__What you should do__
Every line below between the one holding "Tuloy ang connectivity" and the one holding "Improvement of facilities", inclusive, should be copied exactly, and no other line.

** Opening Records shown block **

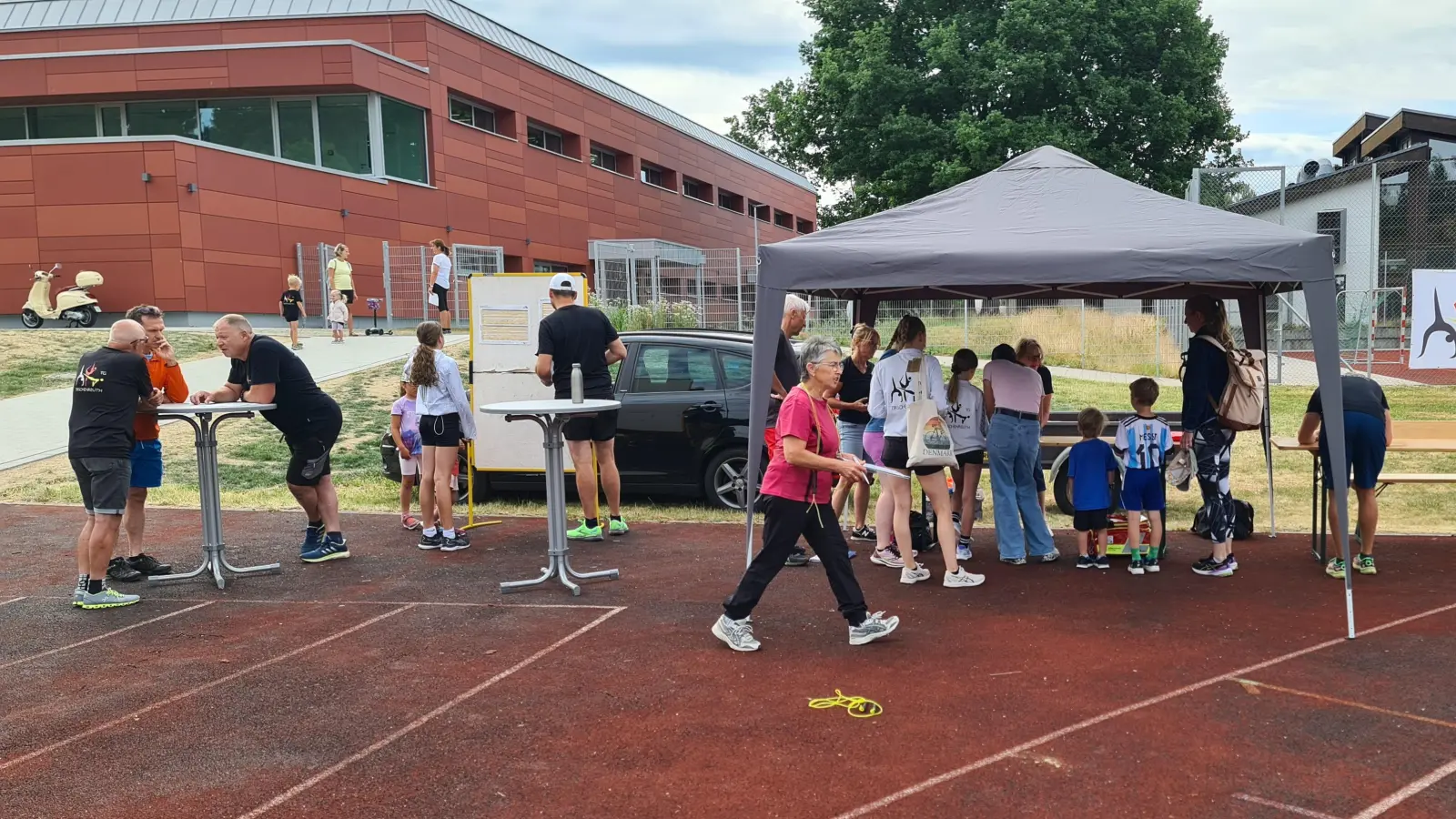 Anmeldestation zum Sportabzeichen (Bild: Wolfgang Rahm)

** Closing Records shown block **
** Opening Records shown block **

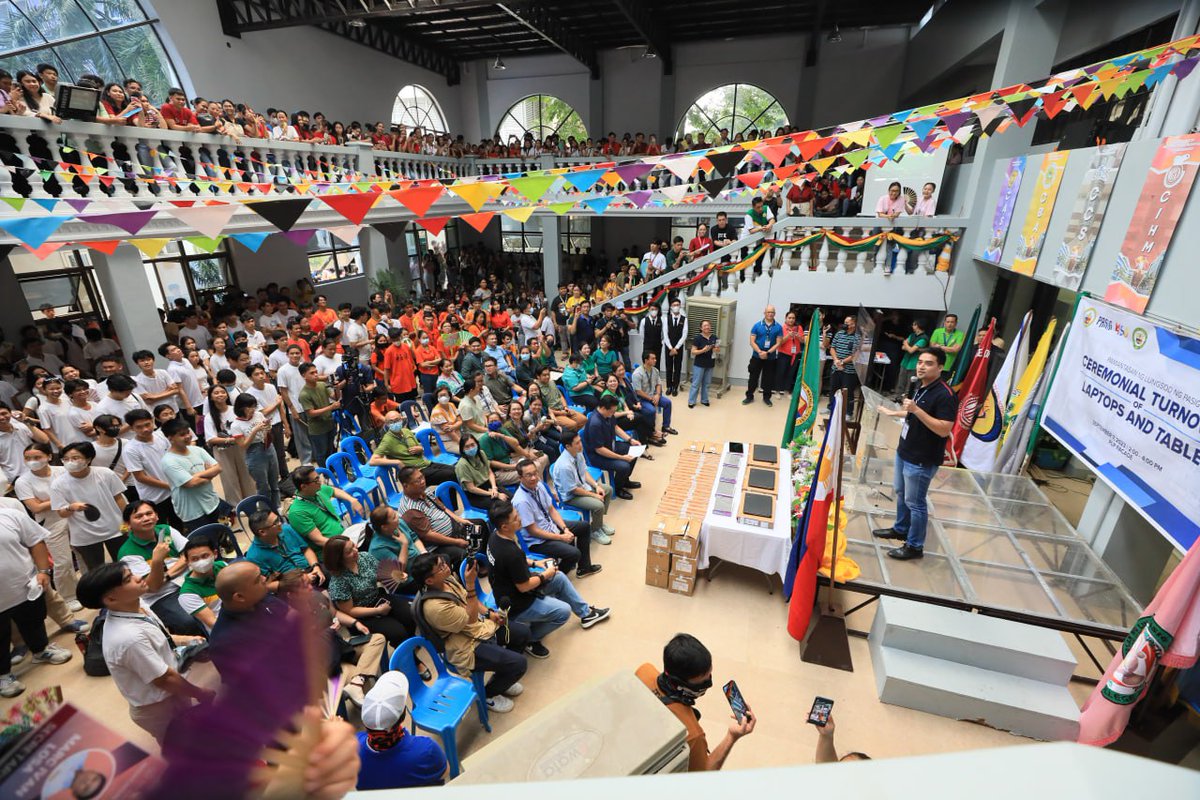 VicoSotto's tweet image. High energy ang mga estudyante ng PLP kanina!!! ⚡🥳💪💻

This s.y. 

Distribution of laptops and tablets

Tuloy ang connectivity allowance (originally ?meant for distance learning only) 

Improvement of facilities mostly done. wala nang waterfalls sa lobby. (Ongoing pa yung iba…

** Closing Records shown block **

__Written response__
Tuloy ang connectivity allowance (originally ?meant for distance learning only) 

Improvement of facilities mostly done. wala nang waterfalls sa lobby. (Ongoing pa yung iba…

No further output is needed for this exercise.